2Clause 2, page 1, line 7, leave out Clause 2

Lord Whitty: My Lords, I beg to move that the House do agree with the Commons in their Amendment No. 2. The government amendment removes Clause 2 from the Bill that left this House. Clause 2 placed a duty on the Secretary of State to make regulations to implement aspects of the Water Framework Directive. That clause as it stood when it left this House did not transpose the directive and in some respects went beyond its requirements. An enabling power to transpose the directive already exists in the European Communities Act 1972. The Government published a third consultation paper, in August, with proposed draft transposing regulations. October marked the end of successive government consultations on transposition, which started in March 2001.

As with most European legislation, it has been the longstanding practice, agreed in the House and used by successive governments, to transpose European legislation using the European Communities Act. The regulations will of course come to Parliament in the normal way.
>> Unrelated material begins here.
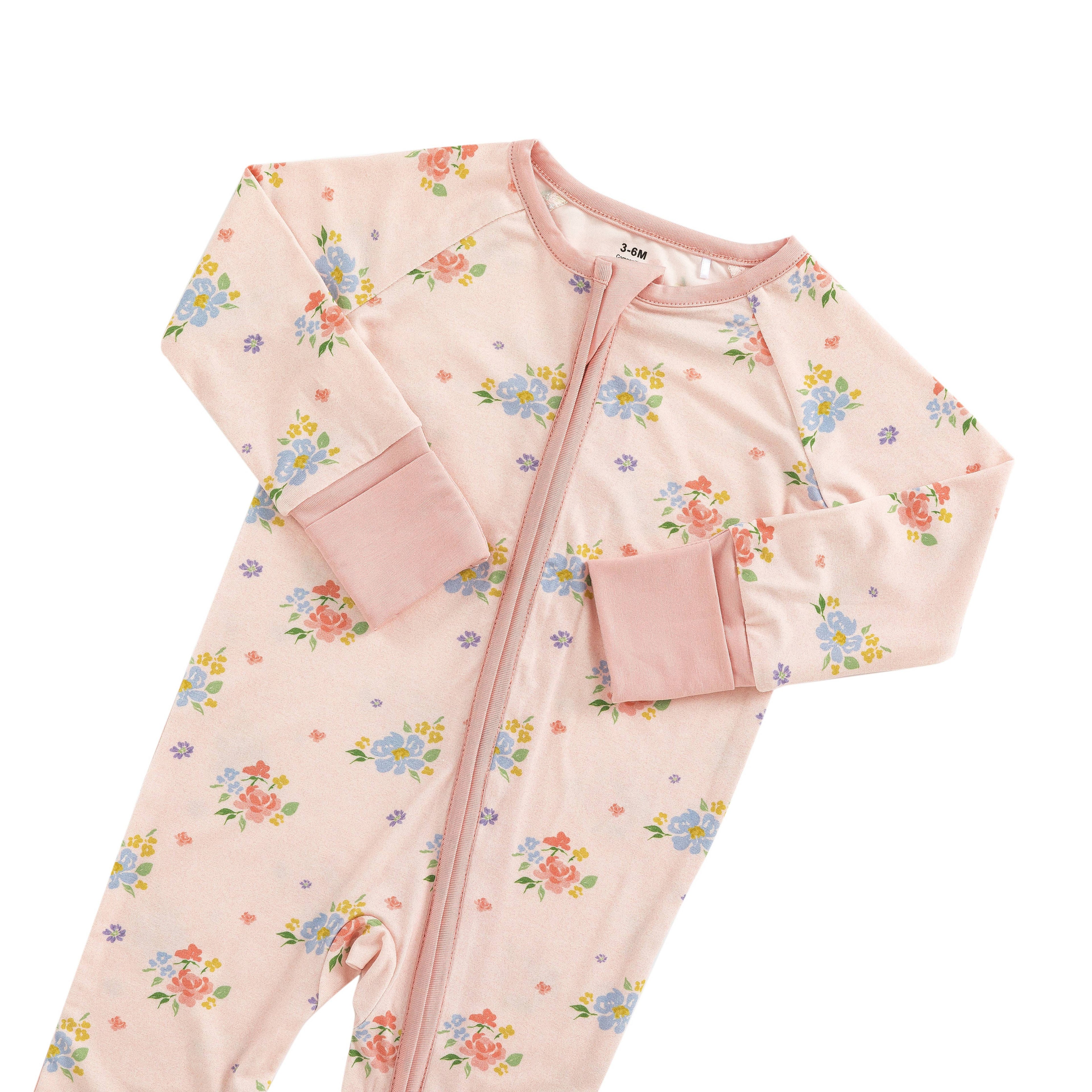 Blush Bloom (Convertible Zip Footies): 3-6M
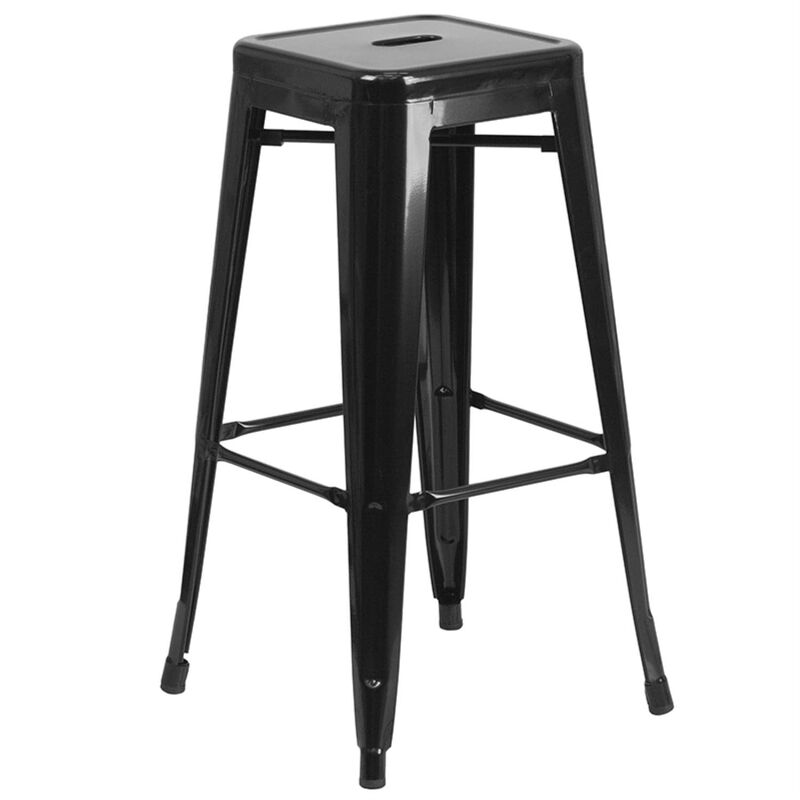 Flash Furniture Kai Commercial Grade 30" High Backless Black Metal Indoor-Outdoor BarStool with Square Seat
The Government obviously are already under a legal obligation to implement the directive because it is a piece of European legislation. No specific provision along the lines proposed in Amendment No. 2A is necessary. Indeed, it would duplicate the powers under the European Communities Act.

The Government's proposed regulations to transpose the directive, which were published in August, already contain regulations transposing Articles 5 and 8, to which the noble Baroness's amendment refers. The corresponding draft regulations are already there. No further provision along the lines of subsections (2) and (3) of the amendment is therefore needed in the Bill.

I therefore hope that the noble Baroness, and others who support the amendment, will recognise that it would be counterproductive and duplication to provide this provision under the Bill, and that the normal procedure should apply to the Water Framework Directive as it applies to the vast majority of European legislation and regulation.

Moved, That the House do agree with the Commons in their Amendment No. 2.—(Lord Whitty.)